Ingin saya katakan, bahwa Islam agama rahmatan lil alamin. Salah satu prinsipnya, keliru dalam menghukum sehingga tidak menjatuhkan hukuman kepada orang yang bersalah adalah lebih baik daripada keliru dalam menghukum sehingga menjatuhkan hukuman kepada orang yang tidak bersalah. Karena itu, lepas dari apakah kedua qanun ini sudah berlaku atau belum, membiarkan hukuman rajam dalam bentuk seperti sekarang ini sangatlah merugikan umat Islam Aceh.
Rumusan yang ada sekarang memberi peluang kepada pihak luar untuk berimajinasi secara liar dan sensasional, yang umumnya akan menimbulkan citra negatif.
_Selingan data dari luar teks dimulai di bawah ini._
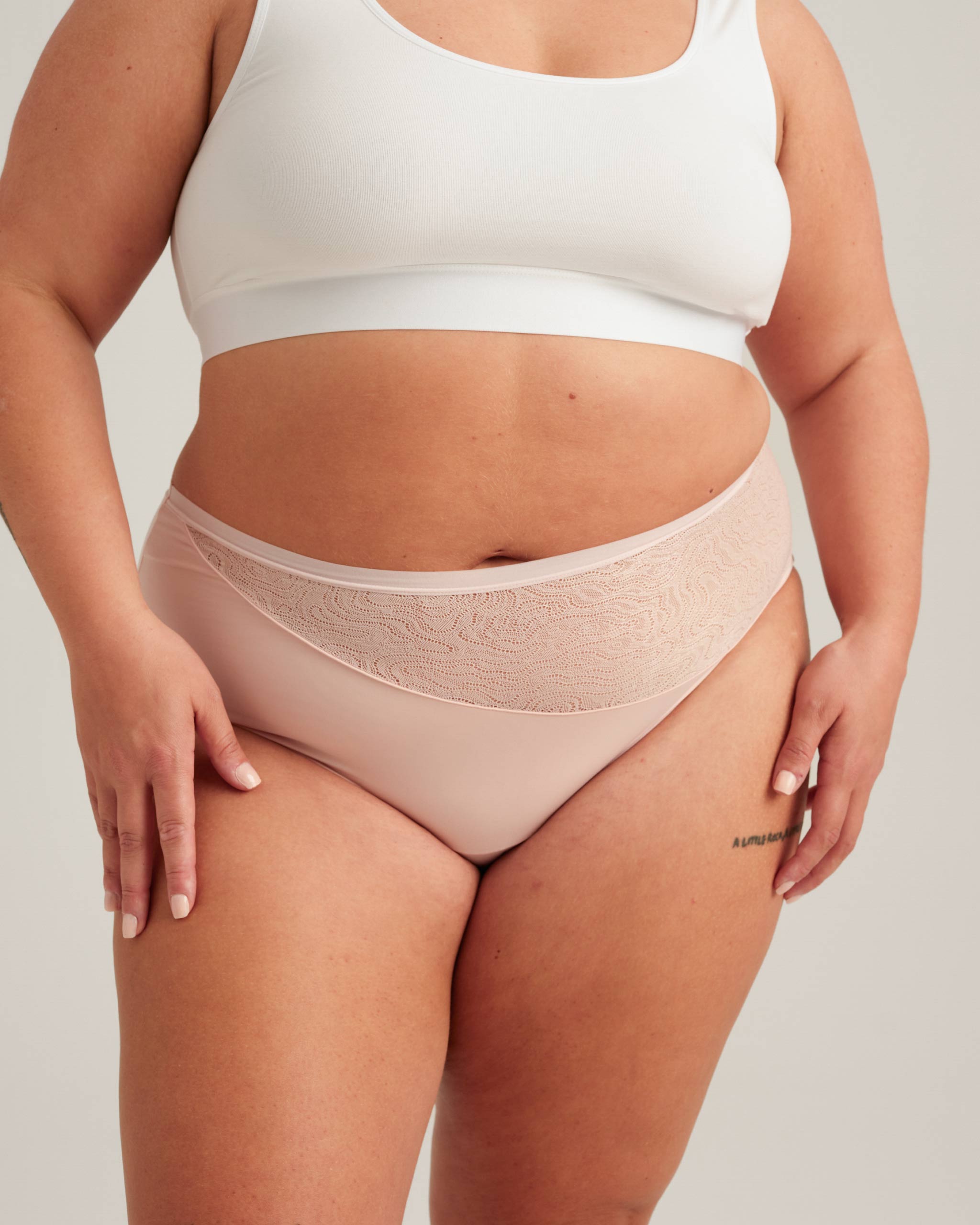 Leakproof Lace High Waist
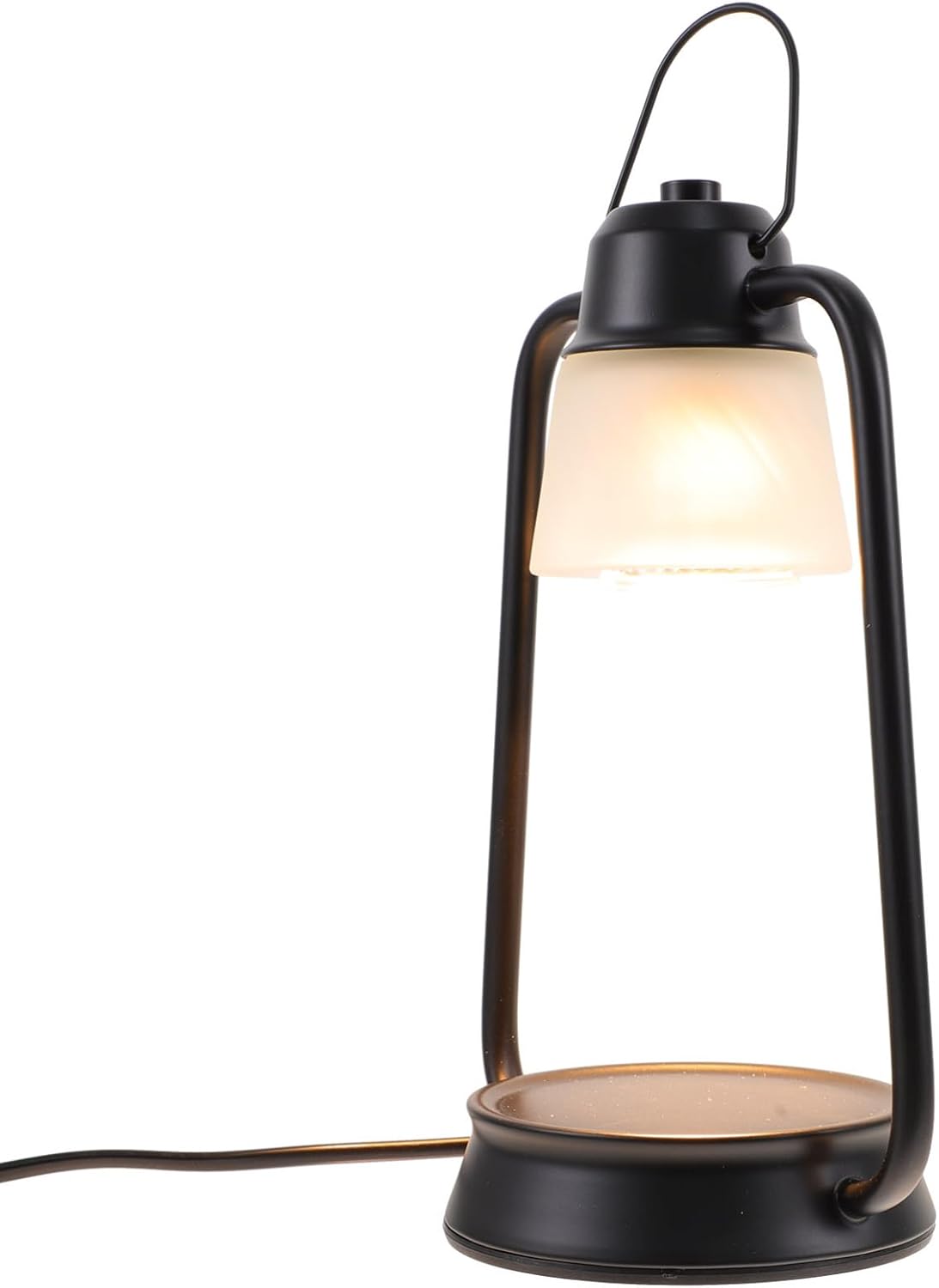 VICASKY 1Set Candle Warmer Lamp with Timer Dimmable Function Stylish Wax Melt Warmer for Scented Wax Night Light for Bedroom Office Home Decor Lightweight Design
Jadi kita perlu mendukung dan mendorong agar DPRA yang baru memberi prioritas utama untuk menyempurnakan dan memperbaiki kelemahan yang ada dalam kedua qanun ini sehingga wajah Islam di Aceh yang rahmatan lil alamin tetap dapat kita jaga dengan baik. Mari memohon hidayah dan perlindungan hanya kepada Allah SWT. Wallahu alam bish-shawab.
Oleh Prof.Dr. Al Yasa’ Abubakar
Penulis adalah dosen pada IAIN Ar-Raniry, mantan Kadis Syariat Islam Aceh.